Dem Wald selbst geht es weniger gut. Der Klimawandel und seine Folgen machen dem Ökosystem seit einigen Jahren schwer zu schaffen. Dürreperioden, Starkregenereignisse und Stürme setzen den Bäumen zu; das massenhafte Auftreten des Borkenkäfers verschärft die Situation zusätzlich. Der Kreis Siegen-Wittgenstein ist mit 70 Prozent der waldreichste Kreis Deutschlands. Große Flächen werden forstwirtschaftlich genutzt, und entsprechend hoch ist der Bestand an Fichten.
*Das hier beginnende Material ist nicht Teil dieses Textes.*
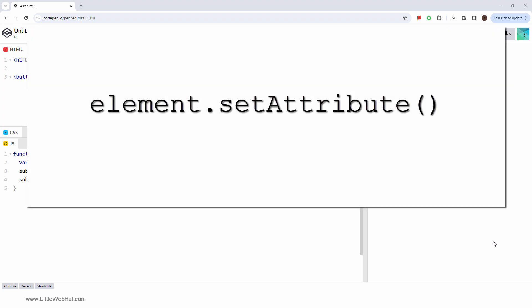In this video, we're going to look at the element set attribute method, and I'll show you how to use it with a practical example.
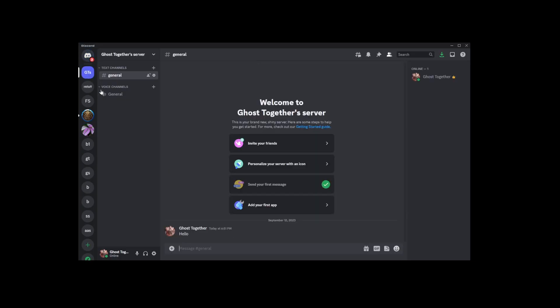And that's it. Your server should disappear from your list, indicating that it's been successfully removed from Discord's system. If you run into any issues or have any questions, feel free to leave a comment below. I'll be back with more tutorials soon. Thanks for watching.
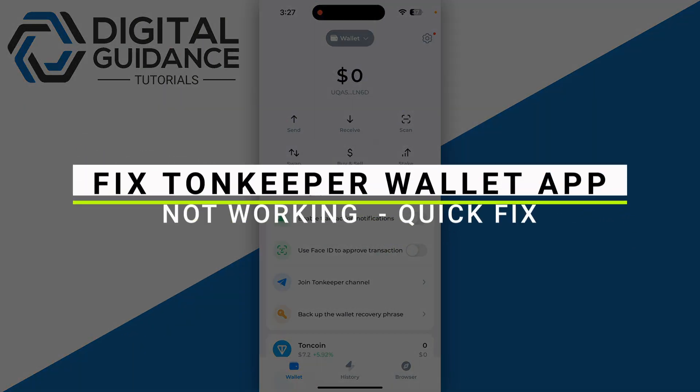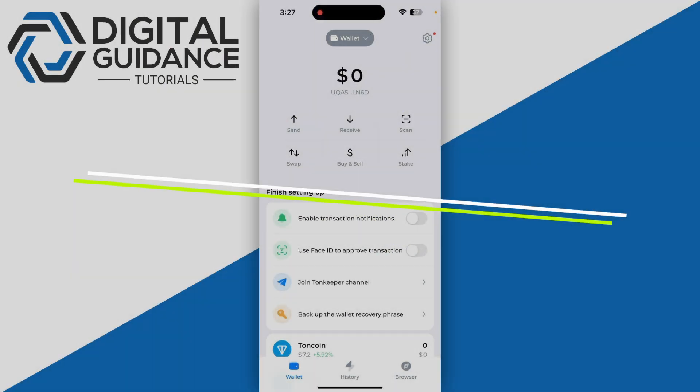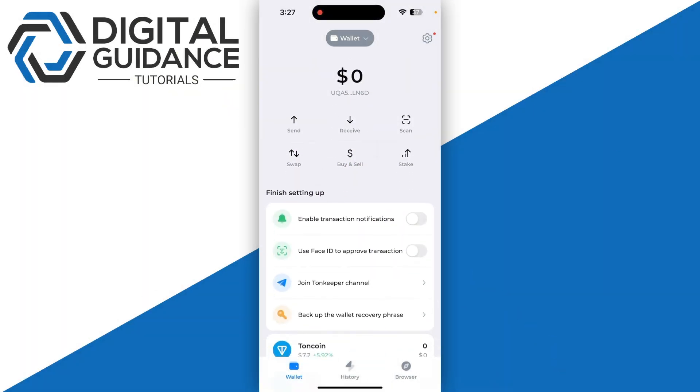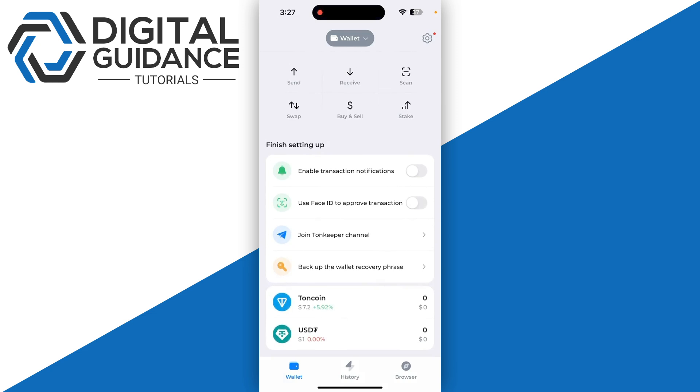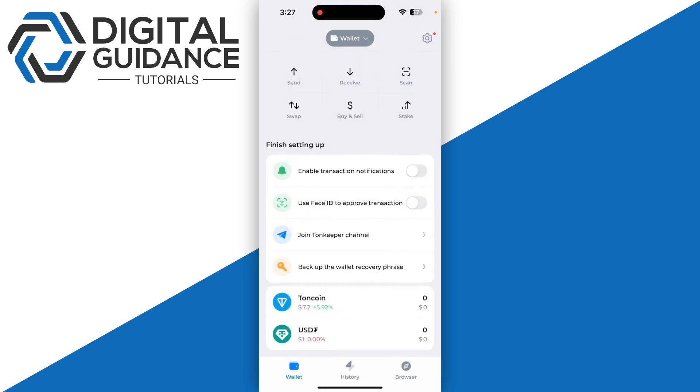In this video I will guide you how you can fix DontKeep wallet crashing or not working. The first step is you need to make sure to check the internet connection. Ensure that you have a stable WiFi, and if not, make sure to connect to some other WiFi and see if the issue resolves or not.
Die aber sind von den Extremwetterereignissen und dem Borkenkäfer besonders schwer betroffen. Stehen sie zu trocken, können sie kein Harz produzieren. Der Baumsaft aber ist essentiell wichtig, um Buchdrucker und Kupferstecher, zwei Borkenkäferarten, aus den gebohrten Löchern zu spülen. So frisst sich der Käfer durch Bast und Kambrium, die Versorgungsschichten des Baumes nah unter der Rinde, und bringt den Baum zum Absterben. Die Folge: Millionen toter Fichten auch im Siegerland. Die Region verändert ihr Erscheinungsbild, überall gibt es riesige Kahlschlagsflächen oder Gebiete mit abgestorbenen braunen Fichtenkronen. Für die Waldbauern entsteht durch die Borkenkäferplage ein großer wirtschaftlicher Schaden, denn an dem befallenen Holz verdienen sie so gut wie nichts. So fehlt auch das Geld für die Wiederaufforstung. Genau die braucht es aber, um CO2 zu binden. Gerade junge Bäume speichern mehr Kohlendioxid als ältere.
Diethard Altrogges Lösungsansatz findet sich im Wald nahe des ehemaligen Forsthauses Hohenroth, das heute ein Waldbegegnungszentrum ist. Hier in Altrogges "Seelenwald" wird die Natur sich selbst überlassen – ohne menschliche Eingriffe. Ökonomisch ist das nicht, doch es zeigt, wie die Natur sich selbst heilen kann. Hier bleibt zum Beispiel totes Holz im Wald liegen und schafft dadurch eine Temperaturabsenkung um bis zu acht Grad. Außerdem liefert das verrottende Holz wichtige Nähstoffe für nachfolgende Pflanzengenerationen.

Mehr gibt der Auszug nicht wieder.